|Plane trees of London
Platanus x acerifolia 'London'
This is the tree originally named 'London plane'. It forms a large proportion of the older trees of inner London, but is found rather less frequently elsewhere.
The name 'London' is used here to refer to a single clone or a group of very similar clones (previously called the 'London Form' on this website). The reasoning for the use of this name is given on the botany page on this website. The many other forms of plane trees in London, which often form the majority in the suburbs, would be described under P. x acerifolia, commonly called 'London plane', and where appropriate under other cultivar names.
Tree - This is usually seen as a large strong growing tree, usually with a single clear trunk to some height.
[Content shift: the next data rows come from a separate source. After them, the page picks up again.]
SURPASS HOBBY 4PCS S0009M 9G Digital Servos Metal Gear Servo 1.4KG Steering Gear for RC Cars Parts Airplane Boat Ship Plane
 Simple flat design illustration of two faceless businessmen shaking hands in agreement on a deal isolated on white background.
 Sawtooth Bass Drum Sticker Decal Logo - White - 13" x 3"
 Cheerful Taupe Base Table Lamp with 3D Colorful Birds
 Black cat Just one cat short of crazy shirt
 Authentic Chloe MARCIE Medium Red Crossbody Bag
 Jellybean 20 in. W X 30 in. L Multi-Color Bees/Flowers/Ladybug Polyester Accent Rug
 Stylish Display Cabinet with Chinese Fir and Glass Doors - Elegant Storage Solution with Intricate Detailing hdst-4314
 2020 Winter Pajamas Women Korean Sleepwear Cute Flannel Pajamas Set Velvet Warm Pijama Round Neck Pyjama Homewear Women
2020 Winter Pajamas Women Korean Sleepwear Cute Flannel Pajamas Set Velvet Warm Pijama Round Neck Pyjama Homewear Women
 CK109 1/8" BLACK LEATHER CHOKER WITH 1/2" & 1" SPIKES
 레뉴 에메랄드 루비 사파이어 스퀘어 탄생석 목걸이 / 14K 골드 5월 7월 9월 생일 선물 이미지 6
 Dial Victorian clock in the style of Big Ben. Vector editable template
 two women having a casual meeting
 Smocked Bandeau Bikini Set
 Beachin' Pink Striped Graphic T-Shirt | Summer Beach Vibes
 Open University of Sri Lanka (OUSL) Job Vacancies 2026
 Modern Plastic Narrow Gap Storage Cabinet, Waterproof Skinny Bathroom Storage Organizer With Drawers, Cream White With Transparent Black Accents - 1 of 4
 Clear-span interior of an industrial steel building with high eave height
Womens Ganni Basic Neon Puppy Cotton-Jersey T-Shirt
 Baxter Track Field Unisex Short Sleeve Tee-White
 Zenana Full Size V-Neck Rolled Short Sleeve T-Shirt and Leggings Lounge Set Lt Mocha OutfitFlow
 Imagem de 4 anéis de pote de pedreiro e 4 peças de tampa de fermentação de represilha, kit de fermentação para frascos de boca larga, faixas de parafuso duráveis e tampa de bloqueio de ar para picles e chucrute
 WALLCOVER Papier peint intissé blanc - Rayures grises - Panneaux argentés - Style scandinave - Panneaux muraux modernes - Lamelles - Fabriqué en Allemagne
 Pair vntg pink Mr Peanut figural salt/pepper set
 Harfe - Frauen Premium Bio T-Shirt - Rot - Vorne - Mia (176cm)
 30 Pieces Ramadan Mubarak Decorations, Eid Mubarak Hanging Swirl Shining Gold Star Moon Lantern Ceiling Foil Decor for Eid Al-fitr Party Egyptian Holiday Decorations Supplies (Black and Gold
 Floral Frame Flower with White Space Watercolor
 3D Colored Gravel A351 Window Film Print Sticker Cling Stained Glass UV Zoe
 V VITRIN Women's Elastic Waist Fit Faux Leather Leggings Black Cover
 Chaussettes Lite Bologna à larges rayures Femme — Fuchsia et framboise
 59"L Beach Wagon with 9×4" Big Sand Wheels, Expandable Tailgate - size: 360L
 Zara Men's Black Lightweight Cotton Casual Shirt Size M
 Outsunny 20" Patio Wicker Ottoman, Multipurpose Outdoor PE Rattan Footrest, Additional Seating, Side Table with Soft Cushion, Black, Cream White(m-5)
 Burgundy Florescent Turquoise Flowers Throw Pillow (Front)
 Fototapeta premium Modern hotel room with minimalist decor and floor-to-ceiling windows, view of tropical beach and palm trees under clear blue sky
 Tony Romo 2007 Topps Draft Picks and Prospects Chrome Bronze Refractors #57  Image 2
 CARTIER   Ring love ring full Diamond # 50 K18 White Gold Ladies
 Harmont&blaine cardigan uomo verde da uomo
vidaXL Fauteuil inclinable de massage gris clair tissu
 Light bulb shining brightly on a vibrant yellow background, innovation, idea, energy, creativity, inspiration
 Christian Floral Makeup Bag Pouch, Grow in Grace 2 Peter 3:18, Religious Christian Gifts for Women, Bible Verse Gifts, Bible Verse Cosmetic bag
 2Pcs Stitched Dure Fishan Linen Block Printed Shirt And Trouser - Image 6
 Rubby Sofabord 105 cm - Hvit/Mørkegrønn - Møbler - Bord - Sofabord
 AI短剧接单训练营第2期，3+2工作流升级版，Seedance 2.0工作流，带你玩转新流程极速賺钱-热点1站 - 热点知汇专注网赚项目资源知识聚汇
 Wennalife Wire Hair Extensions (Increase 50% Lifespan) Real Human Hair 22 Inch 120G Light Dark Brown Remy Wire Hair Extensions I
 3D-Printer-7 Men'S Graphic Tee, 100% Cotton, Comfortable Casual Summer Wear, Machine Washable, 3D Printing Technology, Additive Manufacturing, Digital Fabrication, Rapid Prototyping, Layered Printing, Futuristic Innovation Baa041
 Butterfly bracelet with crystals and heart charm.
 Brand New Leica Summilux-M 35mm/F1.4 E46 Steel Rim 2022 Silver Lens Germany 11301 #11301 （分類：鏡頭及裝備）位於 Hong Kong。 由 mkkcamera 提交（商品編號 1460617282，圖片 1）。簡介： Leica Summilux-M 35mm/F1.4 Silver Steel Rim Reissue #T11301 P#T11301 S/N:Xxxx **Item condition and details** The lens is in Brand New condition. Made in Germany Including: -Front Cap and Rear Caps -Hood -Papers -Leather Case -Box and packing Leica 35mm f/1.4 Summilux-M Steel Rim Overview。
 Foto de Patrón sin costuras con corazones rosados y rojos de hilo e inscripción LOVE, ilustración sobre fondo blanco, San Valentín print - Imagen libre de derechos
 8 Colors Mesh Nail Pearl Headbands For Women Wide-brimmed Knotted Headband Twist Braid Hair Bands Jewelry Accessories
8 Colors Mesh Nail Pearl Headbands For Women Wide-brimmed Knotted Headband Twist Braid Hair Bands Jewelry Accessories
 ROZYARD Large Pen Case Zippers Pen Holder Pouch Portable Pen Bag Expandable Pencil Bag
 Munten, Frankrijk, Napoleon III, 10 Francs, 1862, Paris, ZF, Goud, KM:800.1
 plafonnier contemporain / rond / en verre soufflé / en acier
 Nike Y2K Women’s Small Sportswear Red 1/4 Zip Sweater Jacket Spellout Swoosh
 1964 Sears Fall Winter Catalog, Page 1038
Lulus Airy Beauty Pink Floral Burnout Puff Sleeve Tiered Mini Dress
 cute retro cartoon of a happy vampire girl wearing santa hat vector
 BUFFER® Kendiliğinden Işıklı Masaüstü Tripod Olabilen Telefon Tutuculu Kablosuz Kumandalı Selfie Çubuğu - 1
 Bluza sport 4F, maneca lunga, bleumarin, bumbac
It is likely that this clear trunk is the result of formative pruning; very similar trees can be found that are branched from a quite low point.
Bark - This flakes in patches on trunk and older branches, leaving a dappled trunk, as with other planes. Persistent bark is rare.
Crown - Branches are sinuous, as are the smaller shoots, producing a crown with a characteristic lacy winter appearance. The tips of side branches may droop. By contrast, in 'Pyramidalis' the branches tend to be straight, and do not droop at the tips. 'Augustine Henry' and many other plane trees have somewhat sinuous branches, not as contorted as in the London plane.
Shoot and young leaves - These are covered in down as in all planes, shed on mature tissue. They are moderately affected by anthracnose and many early leaves are damaged by this in London.
Leaf shape - Leaves commonly come with 5 palmate lobes, sometimes with 3 or 7 lobes. The central lobe is usually as long or slightly longer than wide, and is toothed. The base of leaf blade is varied, truncate to cordate but on a typical summer leaf it is cordate. Down is retained on vein axils on the underside of leaves. The leaf size on typical leaves can be 15 to 19cm wide and 20 to 25cm long.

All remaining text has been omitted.